Two issues are getting mixed up here. The first is the outrageous situation that any debate in an elected party committee (especially one about party policy) should effectively be held in secret. If the obligation to follow Chatham House Rules is written down somewhere, someone ought to be figuring out how to delete it. If its merely a convention, well then I say that as a good Liberal Democrat you should frankly give it the finger!

The second issue is the party's policy on Trident. Whatever the position of conference in previous years the Governments announcement of a Parliamentary vote on renewal created the need for a response. It's just a shame that the leadership gave the impression of having decided party policy without consultation with the party - especially since the policy they opted for was such a risible cop-out.

expriest said...

Hi Linda,

please accept my apologies re: CHR and Ming. I had totally misread what you wrote. I'm sorry that I suggested you broke your own rule.

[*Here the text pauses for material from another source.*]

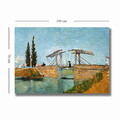 Tablou decorativ, 70100VANGOGH006, Canvas, Lemn, Multicolor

I promise to read more carefully.


expriest said...

Hi Ed,

The leadership had to respond to the Gov's White paper.

Two choices, go with what the working group had decided even though it hadn't been approved by FPC or conference.

Or make it up as they saw fit.

I for one am glad they did the former, and I'm glad that all the press releases made clear that this was a proposal not party policy and had to go through the FPC and conference before it was confirmed.

You may disagree with the policy, but in the circumstances I think they did the best they could to stay within party processes.

Linda Jack said...

Dear Expriest

You are forgiven.......tho I have to confess to on occasions having broken my own rules........tho not that one!

Ed said...

Hmm, you spotted the whole in my argument, expriest - I can see that the parliamentary party needed to come up with a line in response to the Government's announcement. :-)

I guess I am just disappointed because I would have hoped they would have asked themselves first whether the line could be matched to liberal principles and second whether it could be defended seriously in public.

PS - it's a bit disingenuous to take the line that it is a proposal not a policy given the way the media was likely to view it.